● **Assignment**
Print the data exactly. Pictures stay out.

Supplied data Start Marker

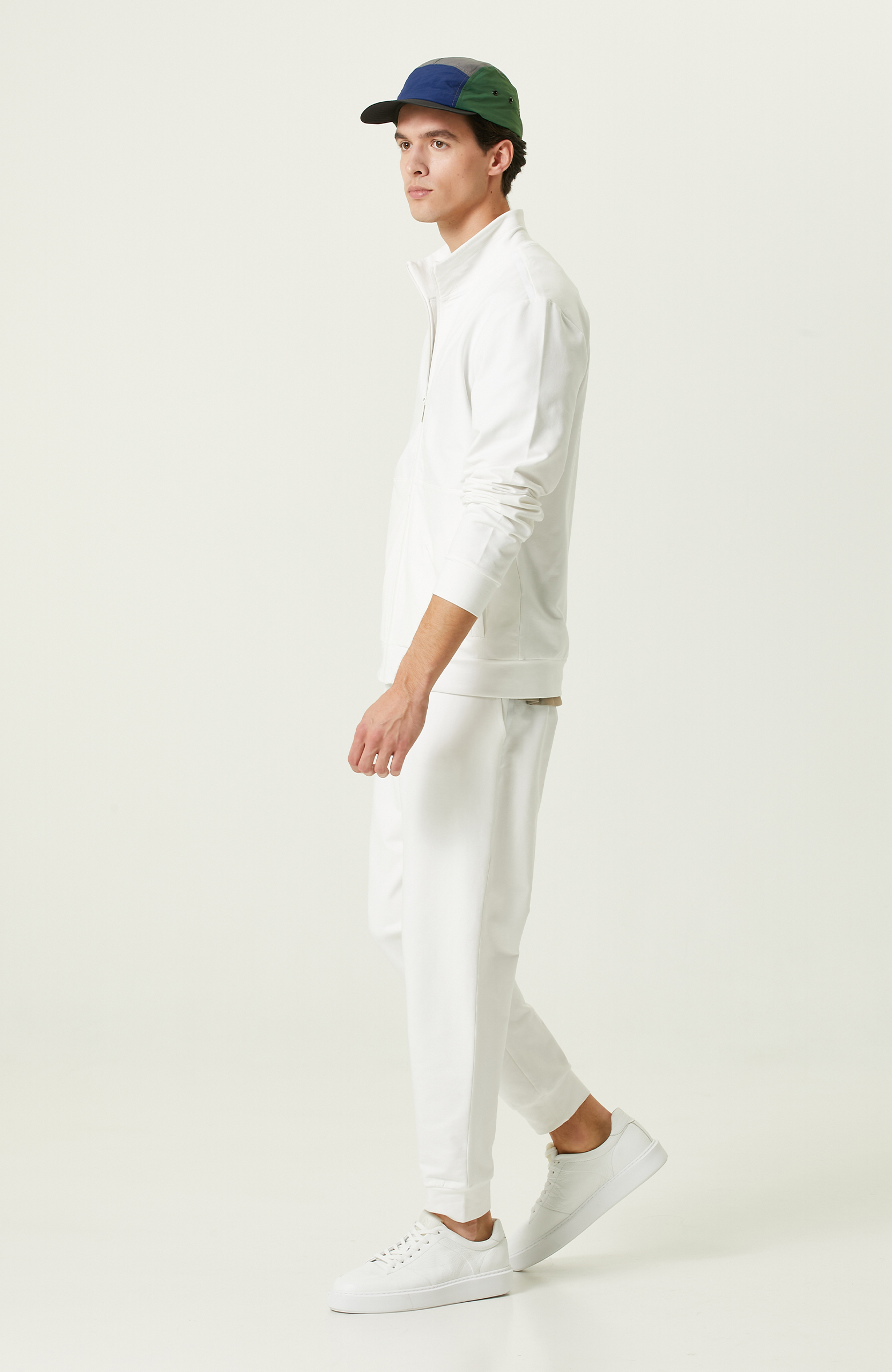 Vizon Bisiklet Yaka  T-shirt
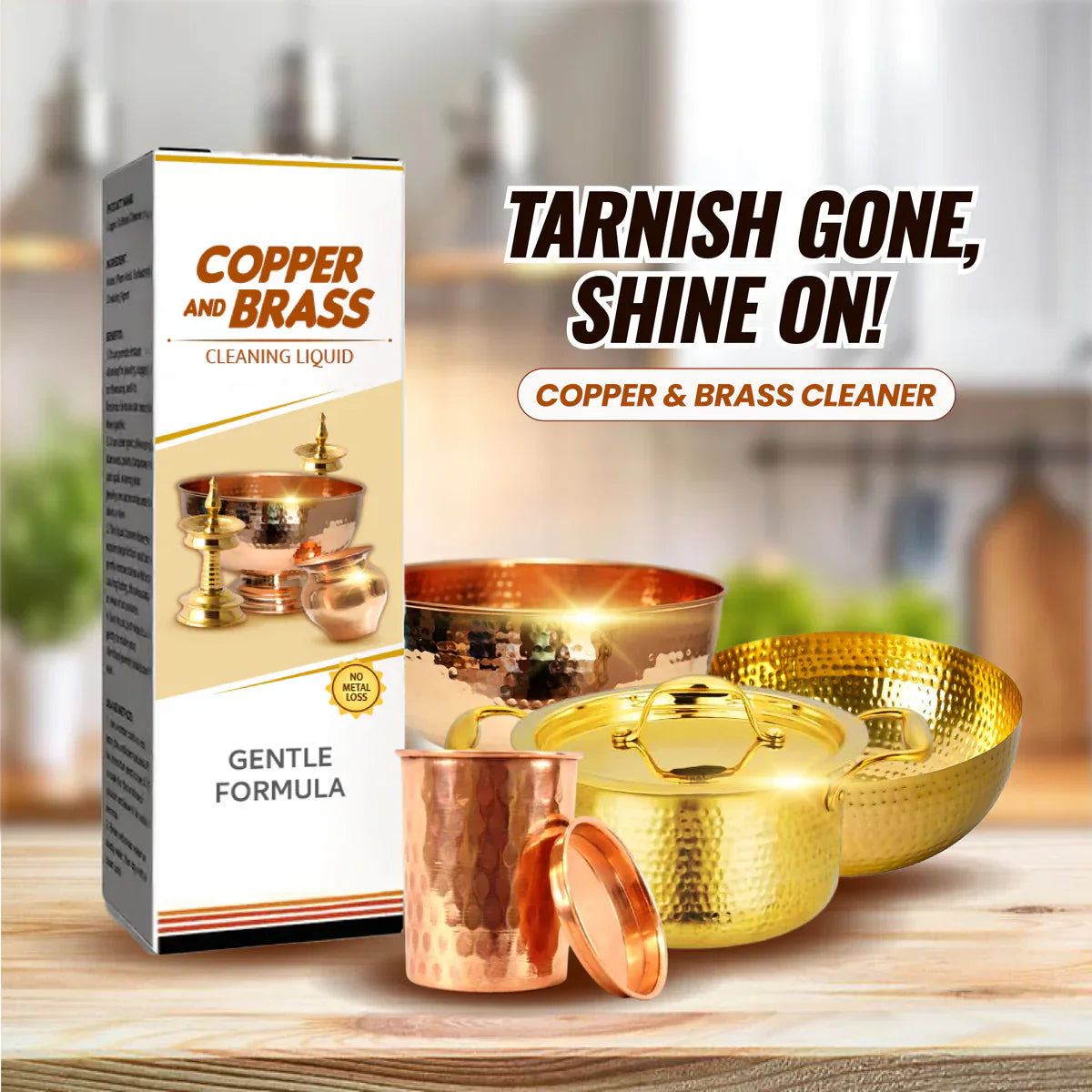 Copper Brass Cleaner (Buy 1 Get 1 Free)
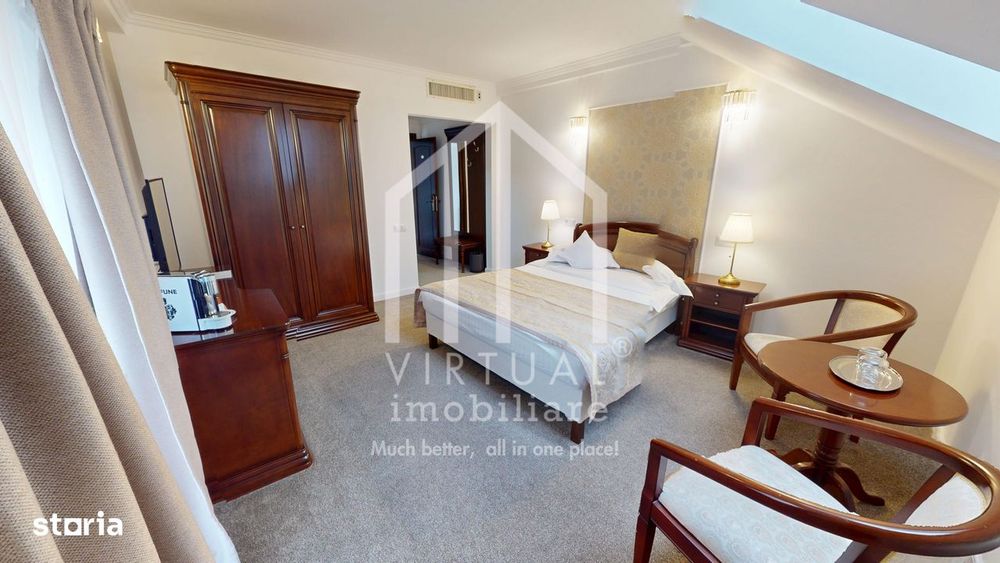 Investitia ideala - Pensiune, zona centrala - 14 camere, 2 apartamente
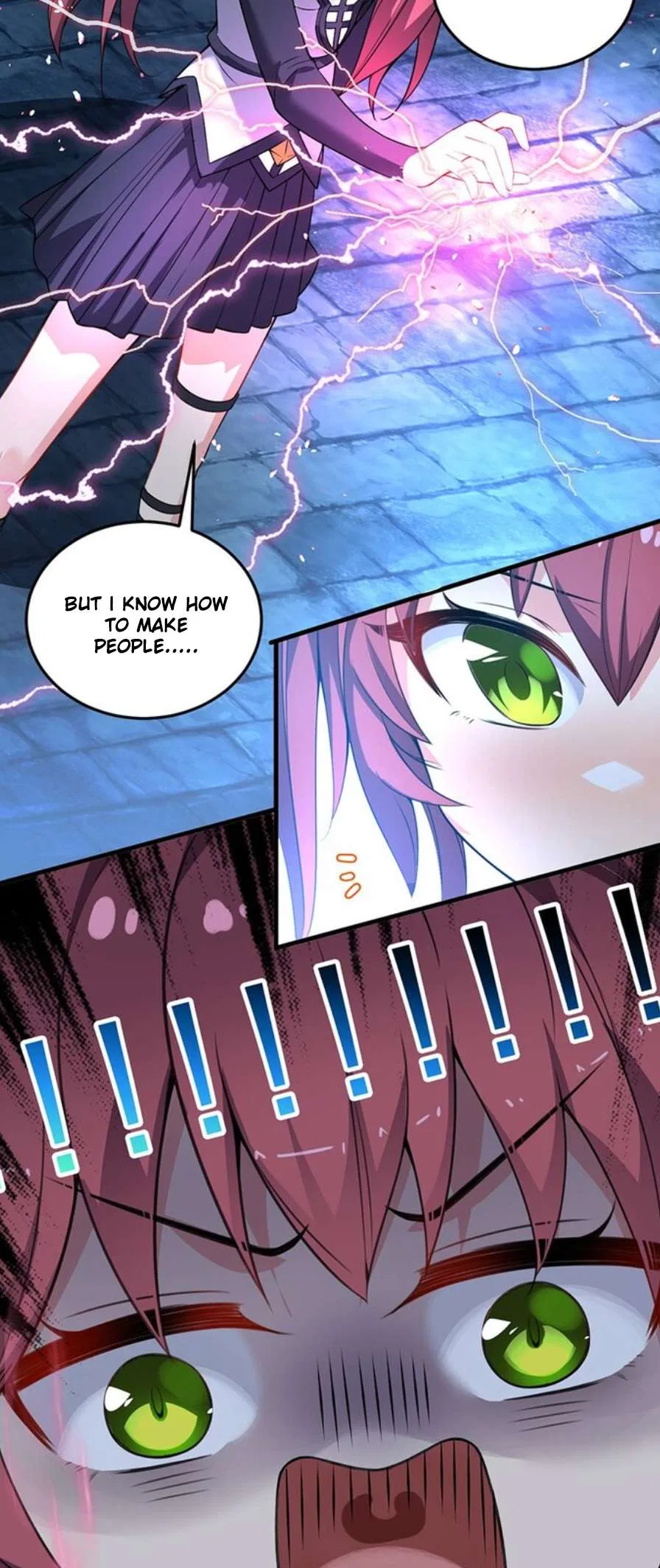 Immortal Me And Eldritch Wife Chapter 8 – Page 24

Supplied data End Marker

● **Answer box**
 Vizon Bisiklet Yaka  T-shirt
 Copper Brass Cleaner (Buy 1 Get 1 Free)
 Investitia ideala - Pensiune, zona centrala - 14 camere, 2 apartamente
 Immortal Me And Eldritch Wife Chapter 8 – Page 24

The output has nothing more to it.